Actually the grouping is not so tough - it's intrinsic in the connection_id which is stored to the logging table. I'm just not clear how it looks in a merge situation & how it would look in a batch merge. But if we get the mysql permission adde to turn it on we can test (or actually I could just test elsewhere but I'd like to see it on staging)

atgo renamed this task from Make deduping reversible to [epic] Make deduping reversible.Jan 19 2016, 8:14 PM
atgo set Security to None.
atgo moved this task from Q4 FY21-22 to Epics in progress on the Fundraising-Backlog board.

Logging is now on & functional on staging.
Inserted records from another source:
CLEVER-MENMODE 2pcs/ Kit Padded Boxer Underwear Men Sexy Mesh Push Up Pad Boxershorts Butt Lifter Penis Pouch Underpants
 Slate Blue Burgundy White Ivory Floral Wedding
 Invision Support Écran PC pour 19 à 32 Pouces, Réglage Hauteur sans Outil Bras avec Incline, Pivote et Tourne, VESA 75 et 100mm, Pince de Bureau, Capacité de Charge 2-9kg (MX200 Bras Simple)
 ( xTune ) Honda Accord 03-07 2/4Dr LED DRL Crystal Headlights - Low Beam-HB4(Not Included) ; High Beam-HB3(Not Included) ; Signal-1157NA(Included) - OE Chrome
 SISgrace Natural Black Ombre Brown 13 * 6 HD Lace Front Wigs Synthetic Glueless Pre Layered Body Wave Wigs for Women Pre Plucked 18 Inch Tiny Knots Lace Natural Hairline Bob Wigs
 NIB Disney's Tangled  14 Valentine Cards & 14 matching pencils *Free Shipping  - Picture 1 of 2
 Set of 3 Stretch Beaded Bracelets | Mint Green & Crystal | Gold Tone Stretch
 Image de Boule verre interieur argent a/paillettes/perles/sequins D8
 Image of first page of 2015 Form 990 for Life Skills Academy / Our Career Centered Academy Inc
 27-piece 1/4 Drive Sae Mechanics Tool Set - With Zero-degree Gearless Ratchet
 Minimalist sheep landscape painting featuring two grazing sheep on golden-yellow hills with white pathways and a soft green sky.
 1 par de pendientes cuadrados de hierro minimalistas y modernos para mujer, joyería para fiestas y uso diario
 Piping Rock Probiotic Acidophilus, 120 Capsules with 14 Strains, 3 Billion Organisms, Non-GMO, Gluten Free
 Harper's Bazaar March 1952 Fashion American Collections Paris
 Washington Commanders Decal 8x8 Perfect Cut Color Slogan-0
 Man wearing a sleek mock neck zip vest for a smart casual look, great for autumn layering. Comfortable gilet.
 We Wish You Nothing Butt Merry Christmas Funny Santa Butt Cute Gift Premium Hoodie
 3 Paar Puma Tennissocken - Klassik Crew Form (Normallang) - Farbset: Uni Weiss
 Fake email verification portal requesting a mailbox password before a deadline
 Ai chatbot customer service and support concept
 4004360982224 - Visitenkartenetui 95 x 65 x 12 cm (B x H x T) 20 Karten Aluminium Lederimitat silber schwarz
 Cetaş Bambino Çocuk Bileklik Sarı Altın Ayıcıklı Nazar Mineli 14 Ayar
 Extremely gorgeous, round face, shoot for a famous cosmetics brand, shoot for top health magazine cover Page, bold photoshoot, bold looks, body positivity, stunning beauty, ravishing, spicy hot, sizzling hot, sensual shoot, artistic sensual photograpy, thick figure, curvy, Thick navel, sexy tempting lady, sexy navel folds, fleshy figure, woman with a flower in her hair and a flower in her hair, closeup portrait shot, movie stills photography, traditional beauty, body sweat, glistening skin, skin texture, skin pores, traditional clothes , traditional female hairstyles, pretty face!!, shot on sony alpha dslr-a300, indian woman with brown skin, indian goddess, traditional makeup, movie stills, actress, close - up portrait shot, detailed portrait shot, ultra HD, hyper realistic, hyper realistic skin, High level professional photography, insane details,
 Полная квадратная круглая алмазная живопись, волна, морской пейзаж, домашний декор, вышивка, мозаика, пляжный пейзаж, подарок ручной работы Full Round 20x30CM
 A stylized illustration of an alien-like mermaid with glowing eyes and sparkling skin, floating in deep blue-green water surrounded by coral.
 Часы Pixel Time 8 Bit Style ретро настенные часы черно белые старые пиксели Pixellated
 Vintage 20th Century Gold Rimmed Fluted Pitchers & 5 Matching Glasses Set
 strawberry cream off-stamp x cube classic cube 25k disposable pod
I tinkered around somewhat and was able to successfully merge and un-merge my mother.

I have been tracking most of the changes I've made to get to this point against https://issues.civicrm.org/jira/browse/CRM-18105 - some of which I have already started upstreaming & some of which are in progress.

WRT the overall approach vs simply recording the data in a custom way for reversing:

Advantages

  • Approach in consistent with core - not custom code
  • We can put some unit tests for it into core.
  • We get additional audit tracking of everything that happens
  • Less reliance on us not missing something because actually everything is stored
  • Less new code to write (although a fair few things to fix)

Disadvantages

  • More disk space use
  • Risk of archive table crashing
  • Need to consider an archiving or data destruction strategy at some point

Seemingly neutral

  • performance - my performance tests have remained in the same ballpark after enabling logging. It might be slightly worse if we go down the merge hook path - but that isn't certain as it should only really affect merges

Disk space vs Archive tables
I have converted all the tables that impact on retrieval performance from the contact change-log / dedupe reversal point of view to indexed INNODB tables. The current disk space is around 20 GB. In addition any disk space for backups / replication will be required. If the concern about ARCHIVE tables being potentially less stable is more important than disk space we should convert the rest. I expect this will be another 2-4 GB since most of the large tables are already converted. (hard to make a case that 20 GB is OK but 25 isn't really). This might be offset by changing the length of the log_conn_id field to 17 - it's currently 24 but based on the latest discussions with Tim we are thinking 17 is enough - https://issues.civicrm.org/jira/browse/CRM-18193 )

Ongoing space use
Since the logging tables are create only & not delete they will keep growing. Currently we mostly insert & don't update so I think the growth will be similar to our main DB growth - although a big merge would create a chunk of growth. My feeling is this issue can be pushed out & if growth is a problem we can look at archiving / culling down the track - but others might have other thoughts. The logging tables take up less space than the main DB tables as they use a more compressed format and have less indexes, but they never remove data, only add it and add for each transaction

Here are a couple of screen shots showing Kermit Trump's change log after I merged Kermit Frog into him & the report of minor changes from the change log report you get by clicking on 'Insert' next to the contact merged activity.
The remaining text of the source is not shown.